- _INSTRUCTIONS FOR THE TASK_:
Output the listing exactly as written, apart from its pictures.

- _INFORMATION SHOWN_:
=== Section Start ===

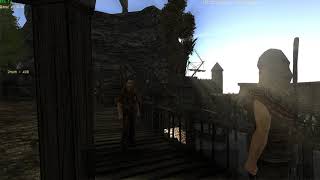 Gothic 2 Returning 2.0 AB - Nightmare difficulty - Necromancer #25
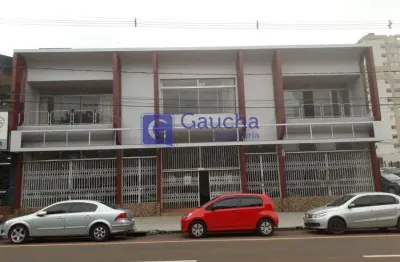 Prédio à venda no Centro, Cascavel 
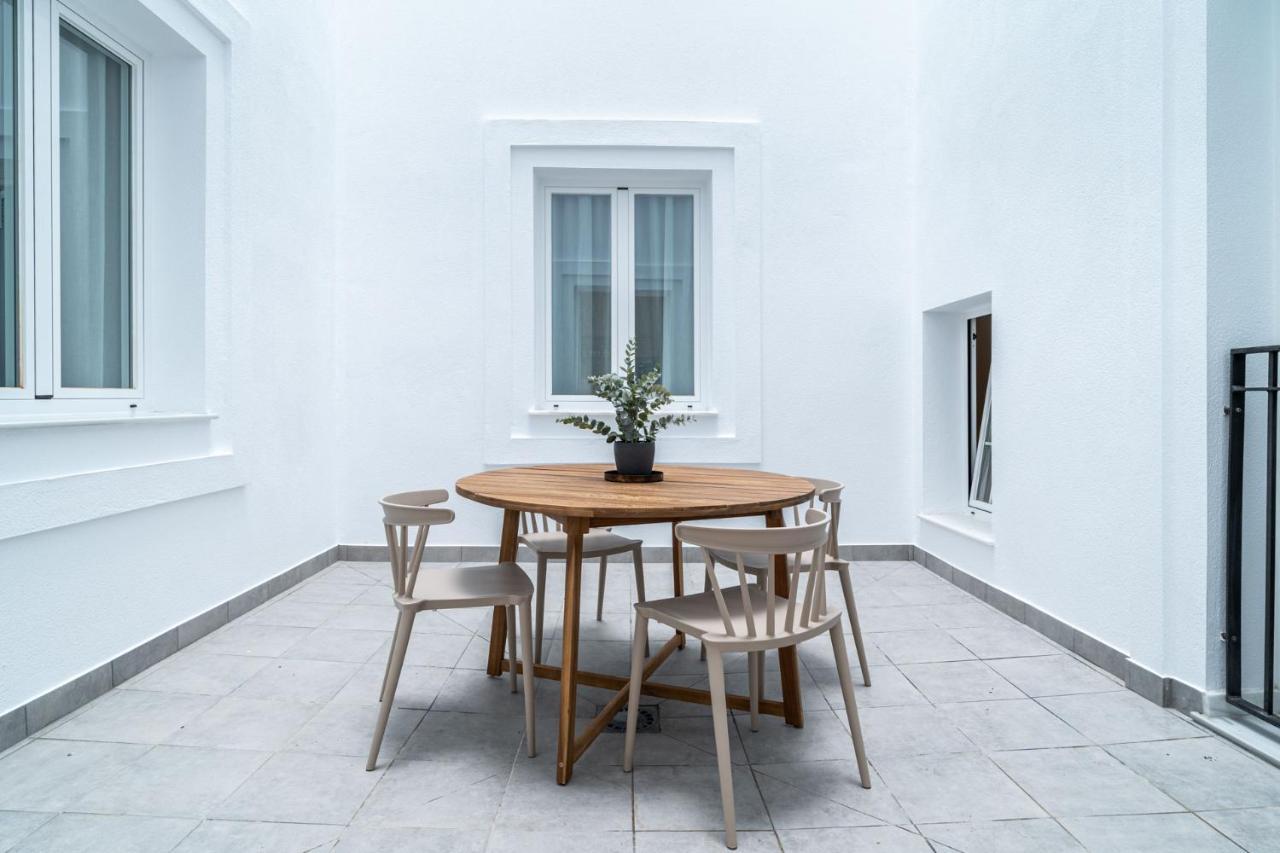 Appartamento Limehome Calle Granada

=== Section End ===

- _ANSWER TO THE EXERCISE_:
 Gothic 2 Returning 2.0 AB - Nightmare difficulty - Necromancer #25
 Prédio à venda no Centro, Cascavel 
 Appartamento Limehome Calle Granada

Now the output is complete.